> _DATA PROVIDED_
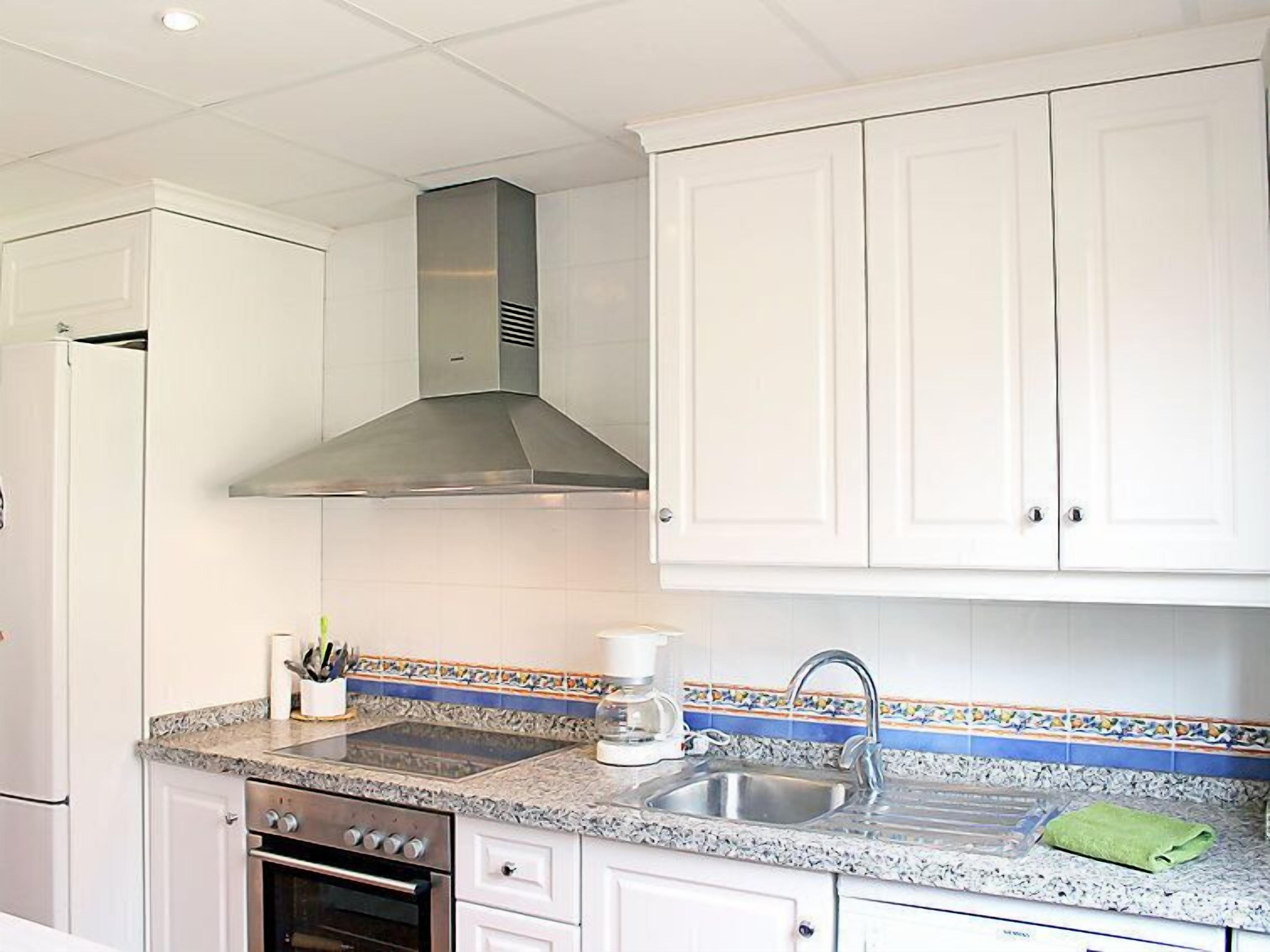 A kitchen with white cabinets, a stainless steel range hood, a granite countertop, a sink, and a coffee maker.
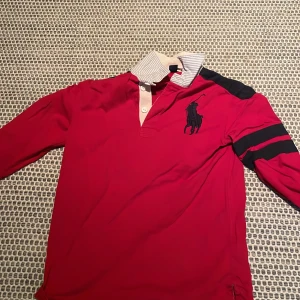 Röd pikétröja från Polo Ralph Lauren - Röd långärmad pikétröja från Polo Ralph Lauren med klassisk krage i blåvitrandigt tyg och stora svarta loggan på bröstet. Svarta ränder på ena ärmen och knappar vid halsen. Perfekt för en sportig och stilren look.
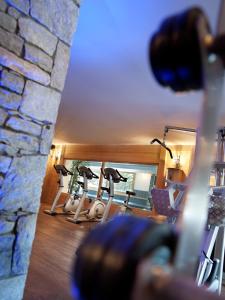 a row of exercise bikes in a room with a stone wall at CGH Résidences & Spas Les Chalets de Jouvence in Les Carroz d'Araches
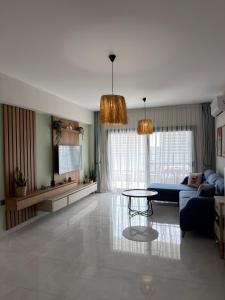a living room with a blue couch and a table at Caesar Resort & SPA - Apartments with 1 Bedroom in Iskele
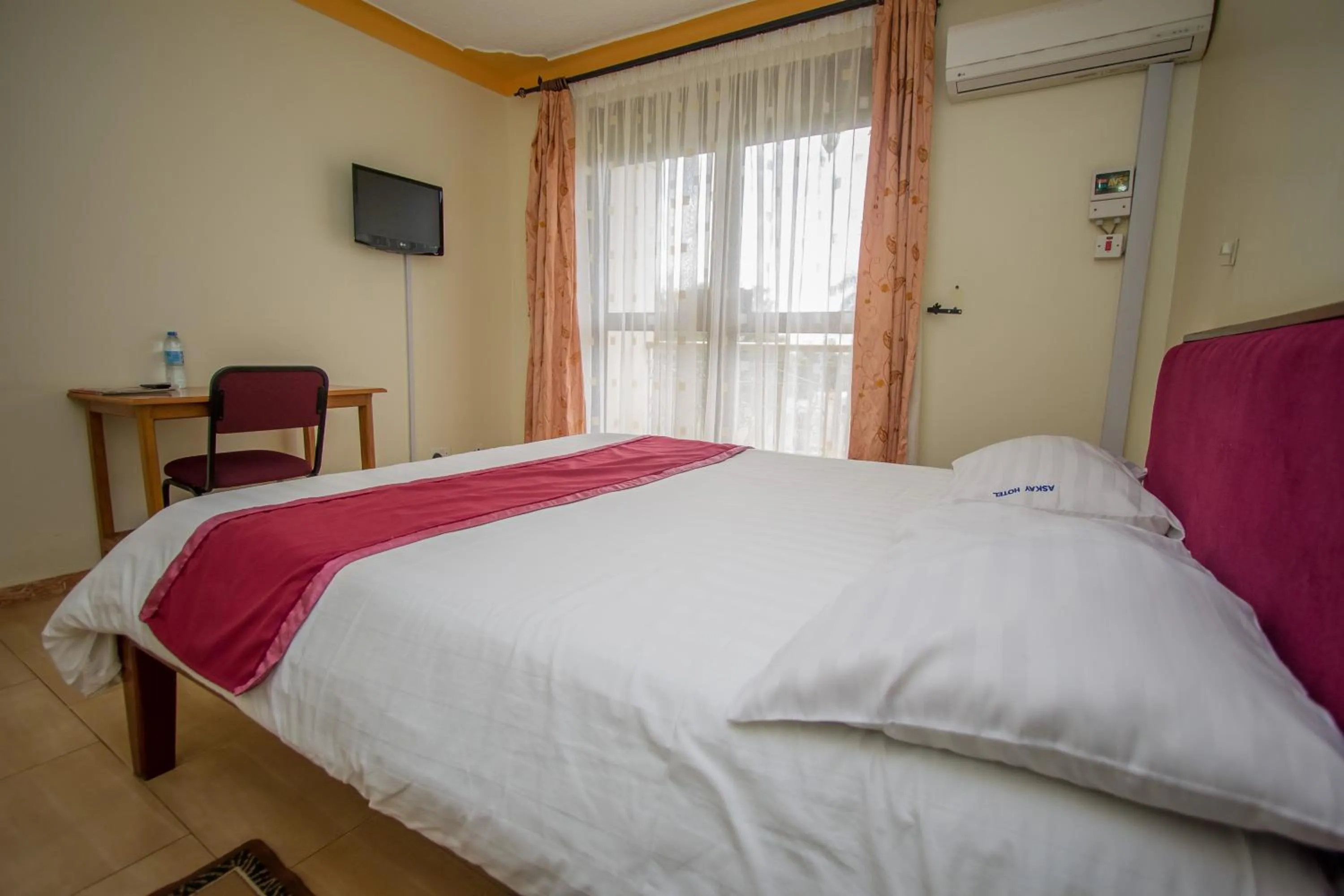 Bed in Askay Hotel Suites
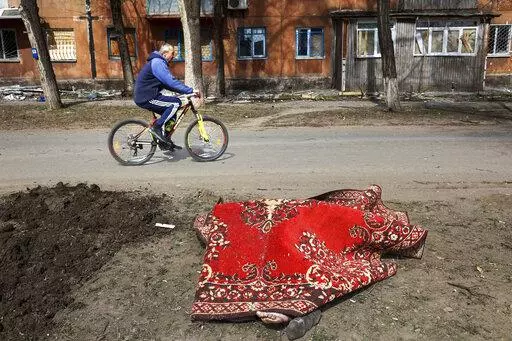 A man rides his bicycle past a body covered by a rug after fighting on the outskirts of Mariupol, Ukraine, in territory under control of the separatist government of the Donetsk People's Republic, on Tuesday, March 29, 2022. (AP Photo/Alexei Alexandrov)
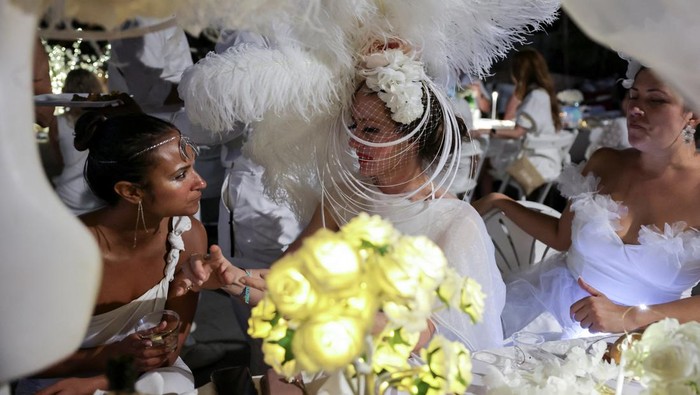 People attend Diner en Blanc, the French-inspired secret pop-up dinner, in Robert F. Wagner Jr. Park, in New York, U.S., September 19, 2025. REUTERS/Jeenah Moon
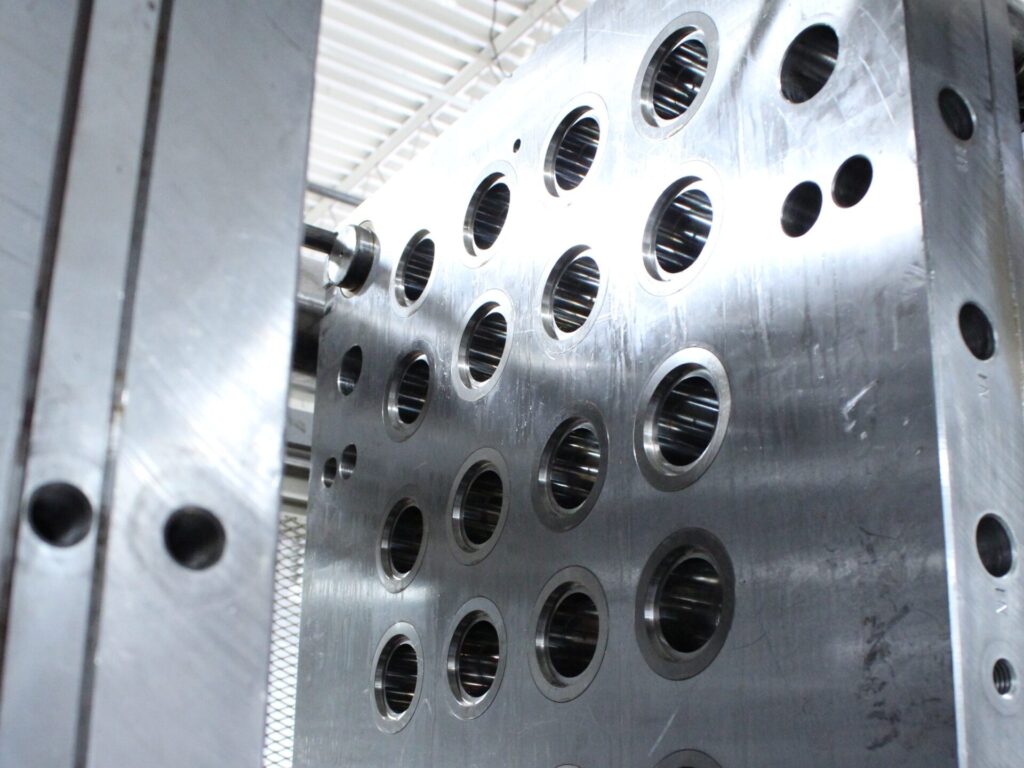 Large multi-cavity mold plate prepared for controlled processing and production setup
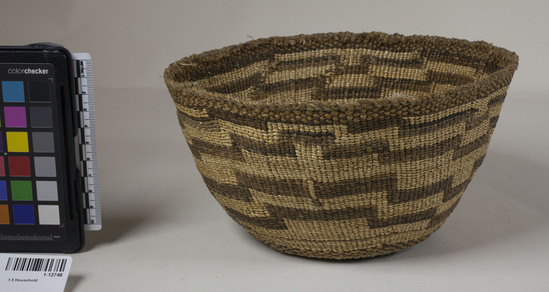 Hearst Museum object 2 of 2 titled Cooking basket, accession number 1-12746, described as Cooking basket; twined. Warp is twisted Tule (Schoenoplectus acutus), weft is twisted Tule and Nettle (Urtica) string. White pattern is Reed (Phragmites vulgaris). Red dye is Tule root. White dye is twisted Cattail (Typha latifolia). Brown color is mud-dyed Tule skin. horizontal figure. Nettle string rim. Indigenous name: maksha.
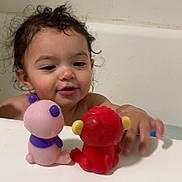 Anthony joined the competition — help win amazing prizes! toddler, child, bathtub, bath_time, toy, plastic_toy, curly_hair, wet_hair, playing, water, cute, smiling, indoor, white_tub, pink_toy, red_toy, yellow_ears, purple_details, face, hand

> _WHAT TO WORK ON_
Only the pictures should be left out; write out everything else in the records exactly.

> _RESULT FOR THIS EXERCISE_
 A kitchen with white cabinets, a stainless steel range hood, a granite countertop, a sink, and a coffee maker.
 Röd pikétröja från Polo Ralph Lauren - Röd långärmad pikétröja från Polo Ralph Lauren med klassisk krage i blåvitrandigt tyg och stora svarta loggan på bröstet. Svarta ränder på ena ärmen och knappar vid halsen. Perfekt för en sportig och stilren look.
 a row of exercise bikes in a room with a stone wall at CGH Résidences & Spas Les Chalets de Jouvence in Les Carroz d'Araches
a living room with a blue couch and a table at Caesar Resort & SPA - Apartments with 1 Bedroom in Iskele
 Bed in Askay Hotel Suites
 A man rides his bicycle past a body covered by a rug after fighting on the outskirts of Mariupol, Ukraine, in territory under control of the separatist government of the Donetsk People's Republic, on Tuesday, March 29, 2022. (AP Photo/Alexei Alexandrov)
 People attend Diner en Blanc, the French-inspired secret pop-up dinner, in Robert F. Wagner Jr. Park, in New York, U.S., September 19, 2025. REUTERS/Jeenah Moon
 Large multi-cavity mold plate prepared for controlled processing and production setup
 Hearst Museum object 2 of 2 titled Cooking basket, accession number 1-12746, described as Cooking basket; twined. Warp is twisted Tule (Schoenoplectus acutus), weft is twisted Tule and Nettle (Urtica) string. White pattern is Reed (Phragmites vulgaris). Red dye is Tule root. White dye is twisted Cattail (Typha latifolia). Brown color is mud-dyed Tule skin. horizontal figure. Nettle string rim. Indigenous name: maksha.
 Anthony joined the competition — help win amazing prizes! toddler, child, bathtub, bath_time, toy, plastic_toy, curly_hair, wet_hair, playing, water, cute, smiling, indoor, white_tub, pink_toy, red_toy, yellow_ears, purple_details, face, hand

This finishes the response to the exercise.